-- Information supplied --
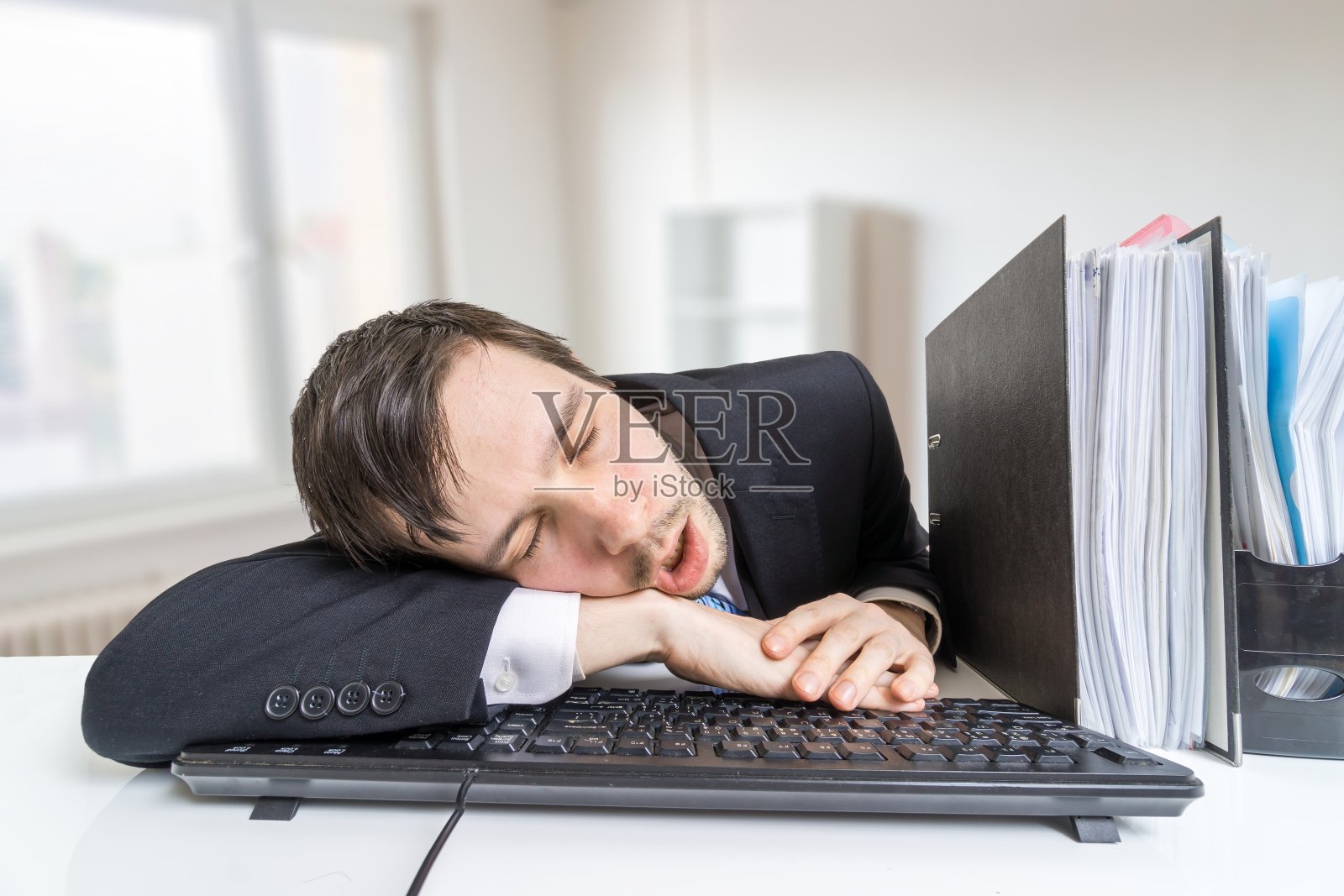 劳累过度的男人在办公室的键盘上睡觉。照片摄影图片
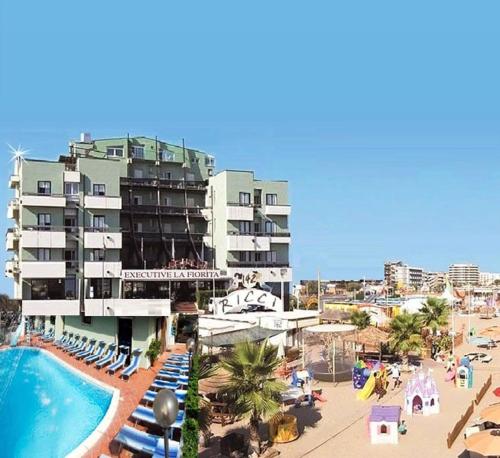 a large hotel with a swimming pool next to a beach at Hotel Executive La Fiorita in Rimini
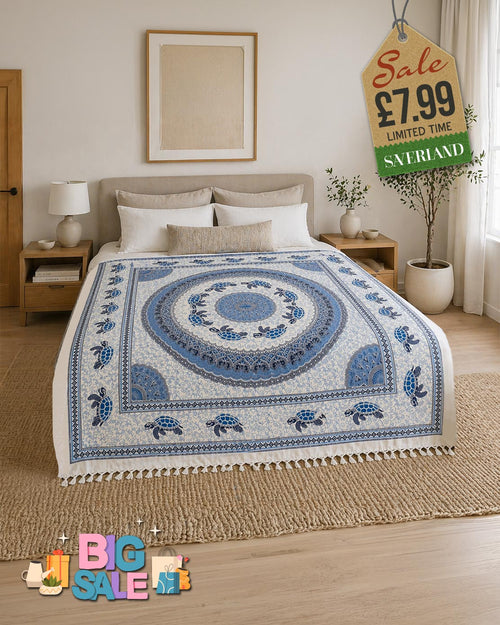 Blue and white sea turtle mandala tassel throw blanket draped over a bed in a bright boho bedroom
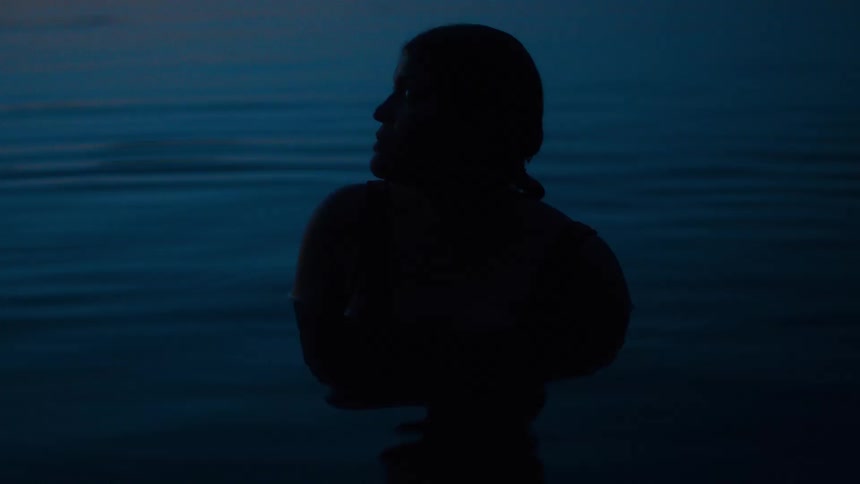 A woman in a pool of water at night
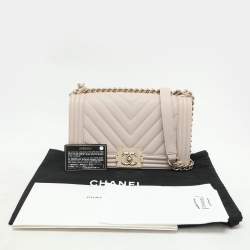 Pre Owned Chanel Beige Chevron Quilted Soft Caviar Leather Medium Boy Flap Bag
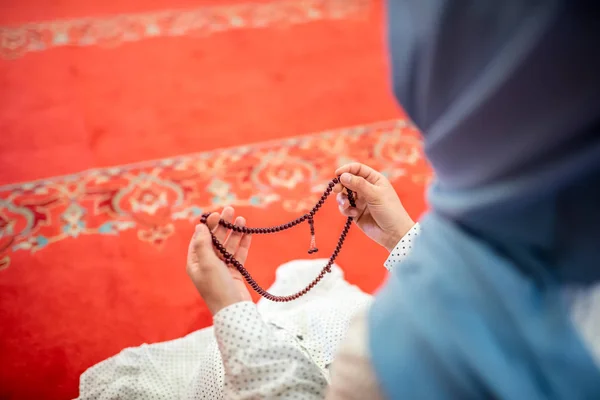 Muslim woman in headscarf and an hijab prays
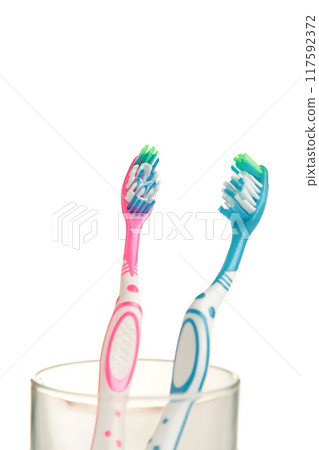 Toothbrushes in glass isolated on white background 117592372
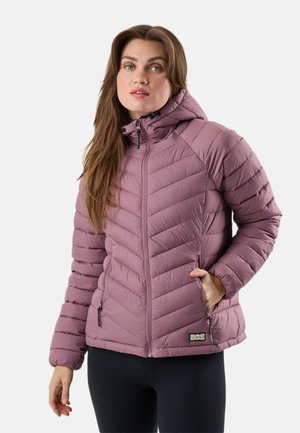 Vrouw draagt een mauve gewatteerde jas met capuchon en ritssluiting aan de voorkant, samen met zwarte legging, staand tegen een witte achtergrond.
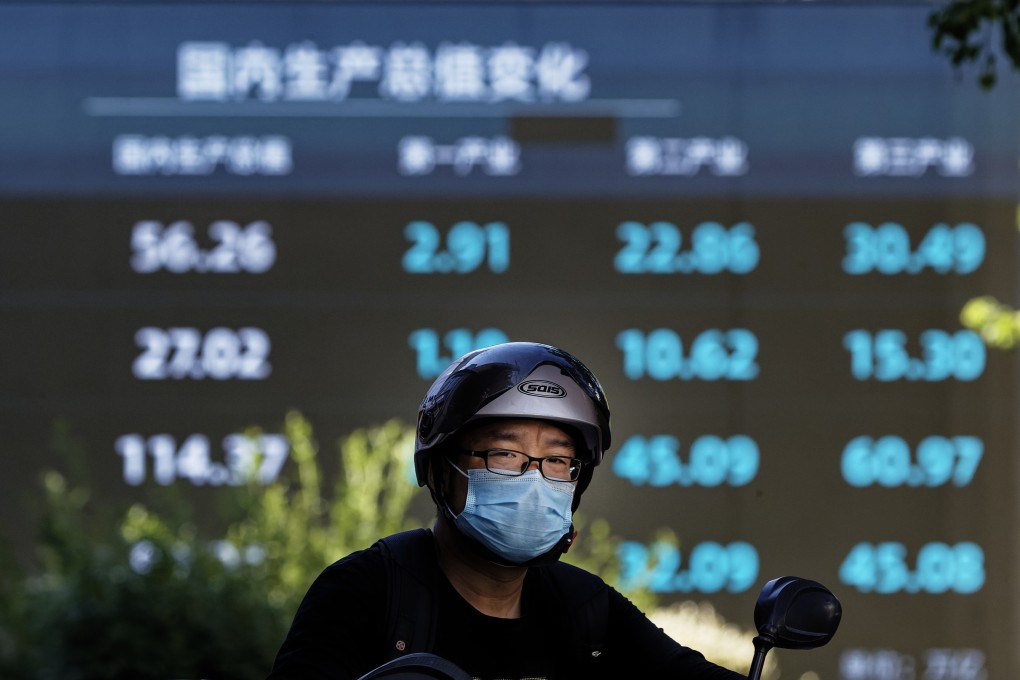A man rides a motorcycle in front of a screenshowing stock indices, in Shanghai in August 2022. Photo: EPA-EFE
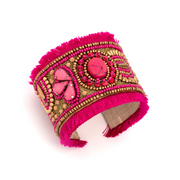 A thick cuff bracelet with pink and gold beaded designs and pink fringe.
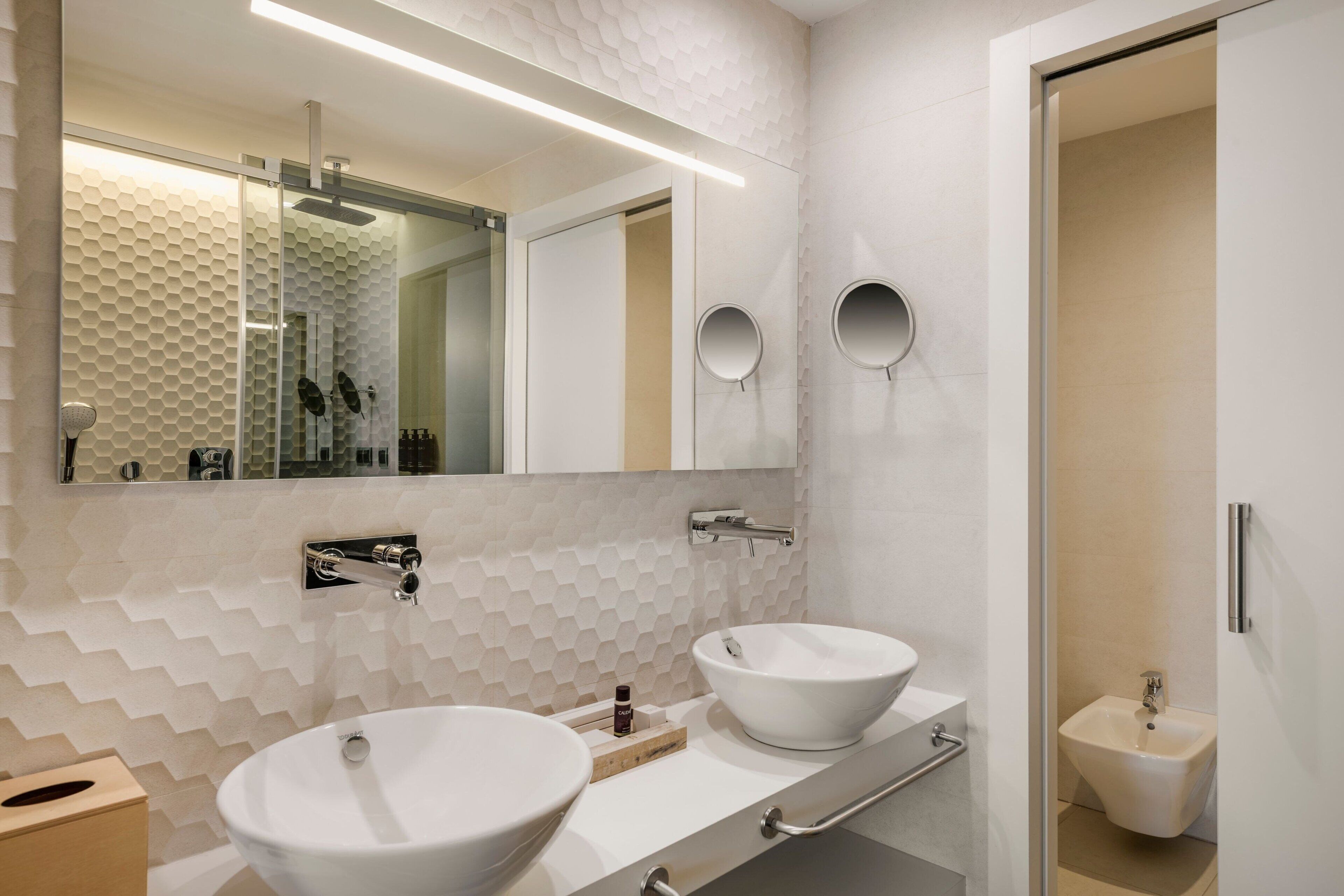 Une salle de bain moderne avec deux grands lavabos, un miroir et un bidet.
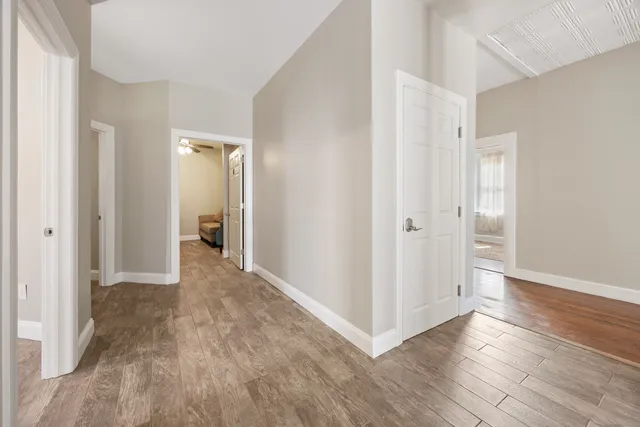 a view of a hallway with wooden floor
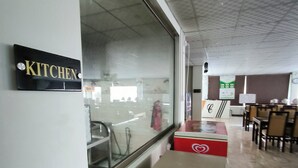 A restaurant interior with a 'KITCHEN' sign, a counter, and dining tables.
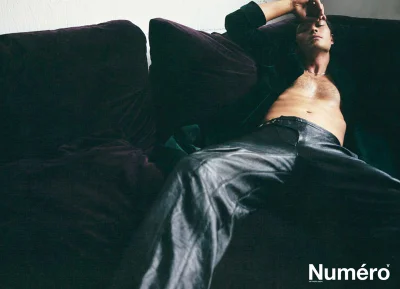 Shirtless male model reclining on a dark couch wearing dark leather trousers for Numero Homme Netherlands by Bruno Unikowsky.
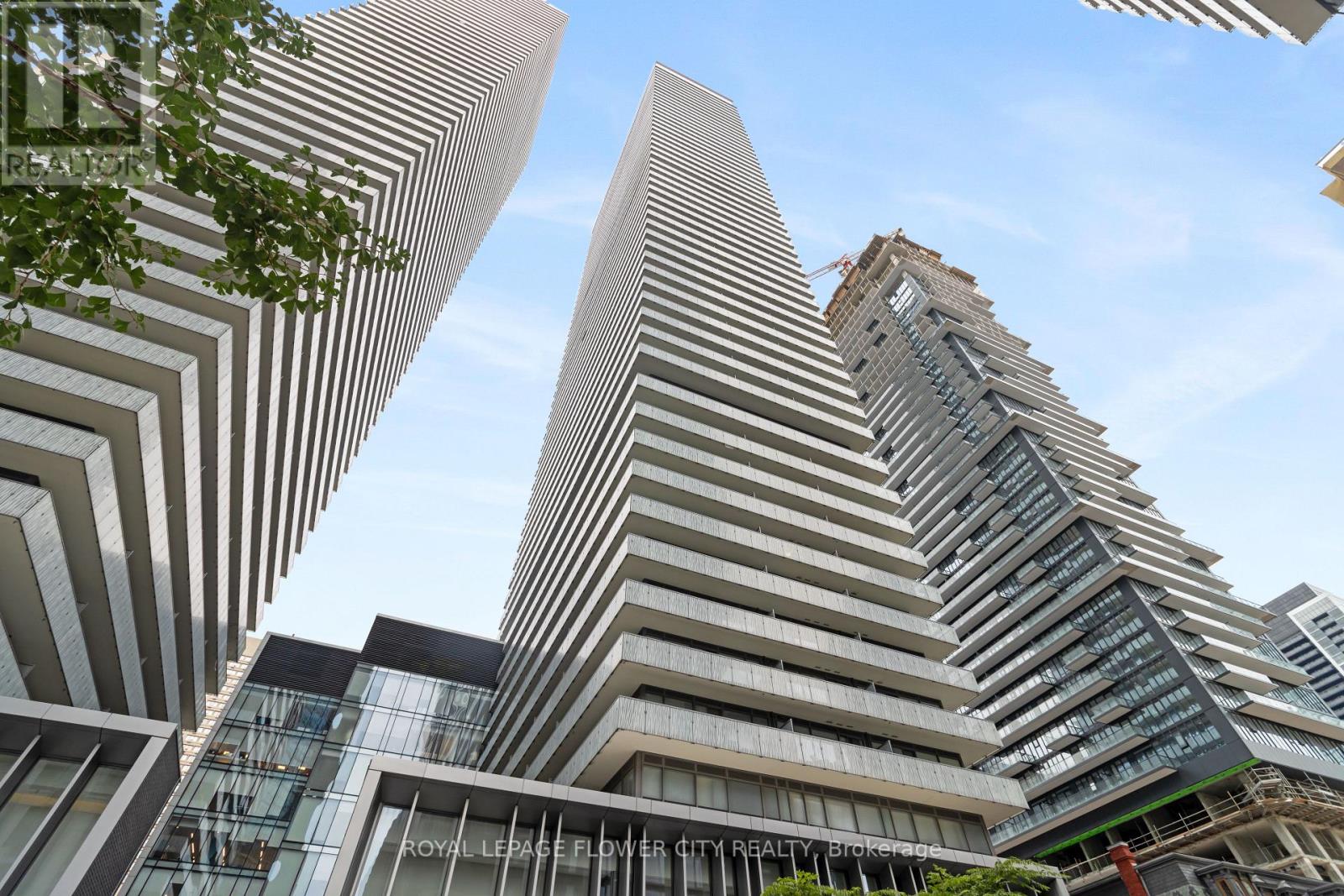 A modern building with a curved facade stands tall among other buildings.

-- What is needed --
A verbatim copy of the data, pictures removed, is the expected result.

-- Result of this exercise --
 劳累过度的男人在办公室的键盘上睡觉。照片摄影图片
 a large hotel with a swimming pool next to a beach at Hotel Executive La Fiorita in Rimini
 Blue and white sea turtle mandala tassel throw blanket draped over a bed in a bright boho bedroom
 A woman in a pool of water at night
 Pre Owned Chanel Beige Chevron Quilted Soft Caviar Leather Medium Boy Flap Bag
 Muslim woman in headscarf and an hijab prays
 Toothbrushes in glass isolated on white background 117592372
 Vrouw draagt een mauve gewatteerde jas met capuchon en ritssluiting aan de voorkant, samen met zwarte legging, staand tegen een witte achtergrond.
A man rides a motorcycle in front of a screenshowing stock indices, in Shanghai in August 2022. Photo: EPA-EFE
 A thick cuff bracelet with pink and gold beaded designs and pink fringe.
 Une salle de bain moderne avec deux grands lavabos, un miroir et un bidet.
 a view of a hallway with wooden floor
 A restaurant interior with a 'KITCHEN' sign, a counter, and dining tables.
 Shirtless male model reclining on a dark couch wearing dark leather trousers for Numero Homme Netherlands by Bruno Unikowsky.
 A modern building with a curved facade stands tall among other buildings.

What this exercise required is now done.